Business Intelligence Software
BuyerView | 2014
At Software Advice, we speak to prospective buyers from thousands of companies looking for Business Intelligence (BI) software, giving us unrivaled insight into buyers’ reasons for seeking new BI solutions. We recently analyzed a sample of these interactions taken from over the last two years. This report outlines the trends we uncovered.
Broken down by job title, more than 60 percent of the prospective BI buyers we spoke to were not, in fact, IT professionals—instead, they listed such roles as financial officer, operations manager or marketing executive, to name a few. Just 37 percent of buyers were IT professionals, serving in either Chief Information Officer or IT managerial functions.
These findings are in line with a 2013 report from Gartner, stating that 2014 would “be a critical year in which the task of making ‘hard types of analysis easy’ for an expanded set of users… will continue to dominate BI market requirements.” There is clearly a growing demand among business professionals to not only harness insights gleaned through BI software, but to do so without tasking the IT department.
Regardless of whether the organization was evaluating BI software for the first time or replacing an existing system, nearly 40 percent of buyers we spoke to were evaluating software because they wanted to better visualize the data they were collecting.
Another 25 percent were either looking for an update to existing software, or had never implemented a BI system before. Still others were looking for ways to automate and unify a previously scattered system of data collection.

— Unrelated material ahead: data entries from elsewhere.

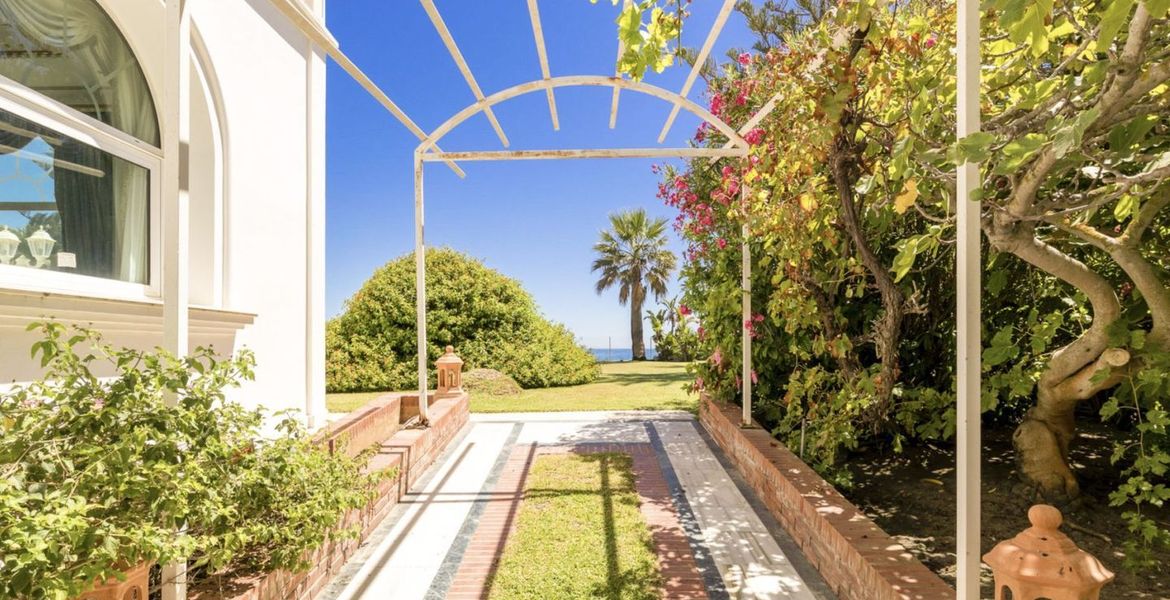 Villa on the beach Marbella Guadalmina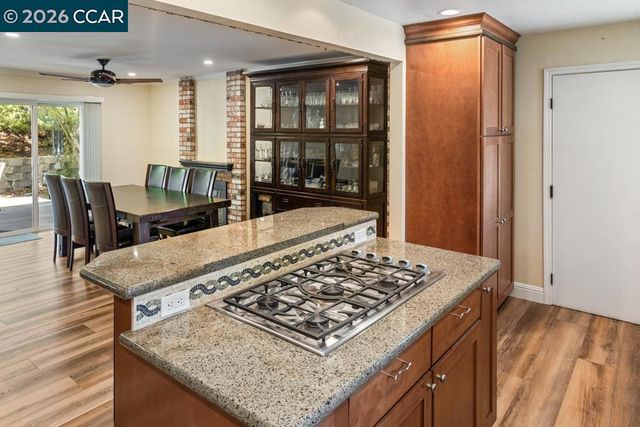 11 Mt Lee Pl, Clayton, CA 94517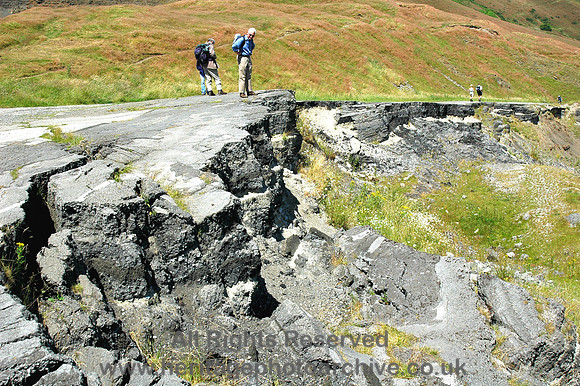 HRS 4367 Castleton, Mam Tor collapsed road 2005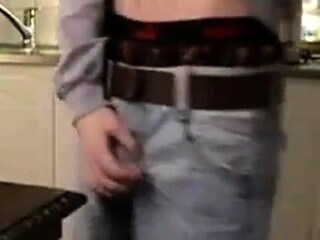 Twink Sagger Shoots a Load on the Table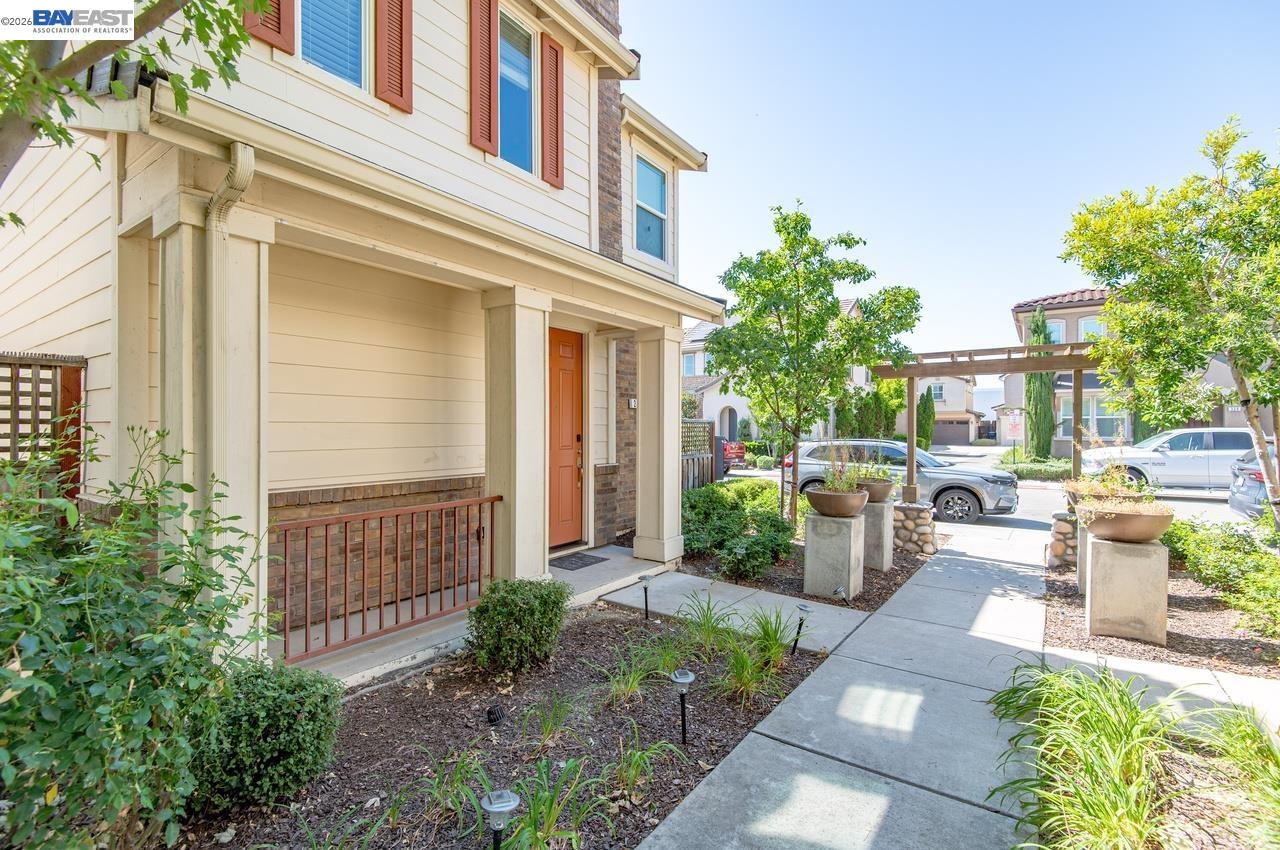 205 Stratus Common Livermore, CA 94550 - Photo 3 of 38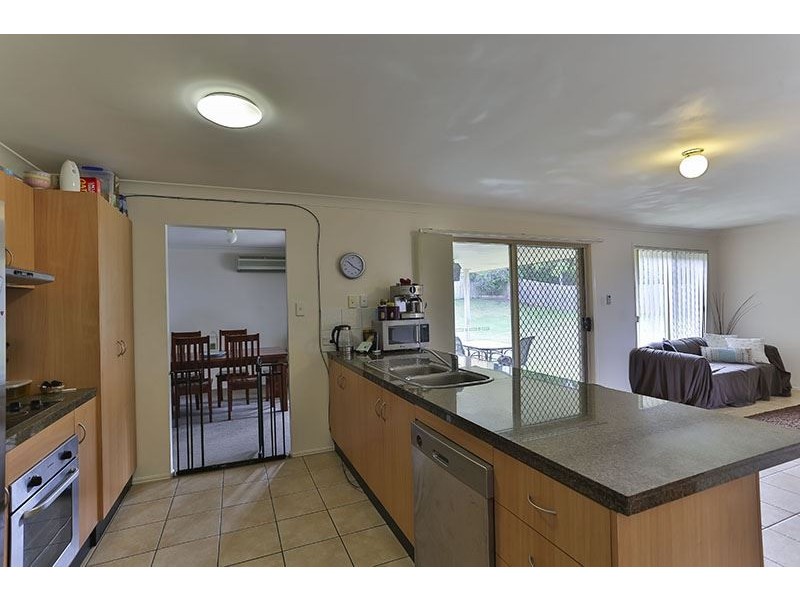 22 McShane Drive, Mount Kynoch QLD 4350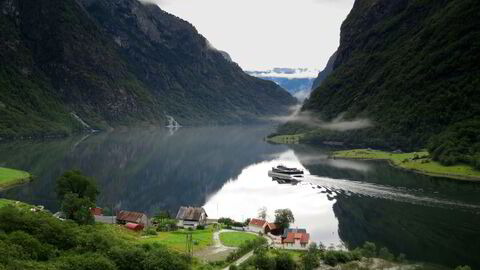 Mange nordmenn bosetter seg mer enn gjerne i distriktene – men ikke i det aller mest grisgrendte strøkene. Aurland er blant kommunene som har potensial til å bli et regionsenter, og opplever befolkningsvekst, selv om det ikke direkte illustreres på dette bildet av nydelige Nærøyfjorden.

“We want to implement a BI tool that can pull data from our existing systems into easily visible dashboards,” one buyer told us, in what was a relatively standard response. “We want to pull data from our SQL server, Microsoft Dynamics, SharePoint and Excel, and we want a strong visualization tool.”
Ninety-five percent of the prospective BI software buyers we spoke to were only interested in evaluating an integrated suite—meaning, a single BI system that houses multiple tools (e.g., dashboards and scorecards and ad-hoc reporting) all in one place. In fact, less than 4 percent of organizations said they wanted one “best-of-breed” solution—that is, a single BI application, such as one just for ad-hoc reporting—and only 1 percent wanted multiple best-of-breed applications.
Surprisingly, more than 84 percent of the people we sampled had not yet made a decision on a deployment model. Among those who had, however, 66 percent preferred an on-premise solution (hosted on their own servers) to a cloud-based one (hosted on the Web).
Among both integrated suite and best-of-breed buyers, dashboards and scorecards were the most sought-after BI tools. This category topped the list for all of the companies evaluating best-of-breed solutions, and all but two of the companies evaluating integrated suites.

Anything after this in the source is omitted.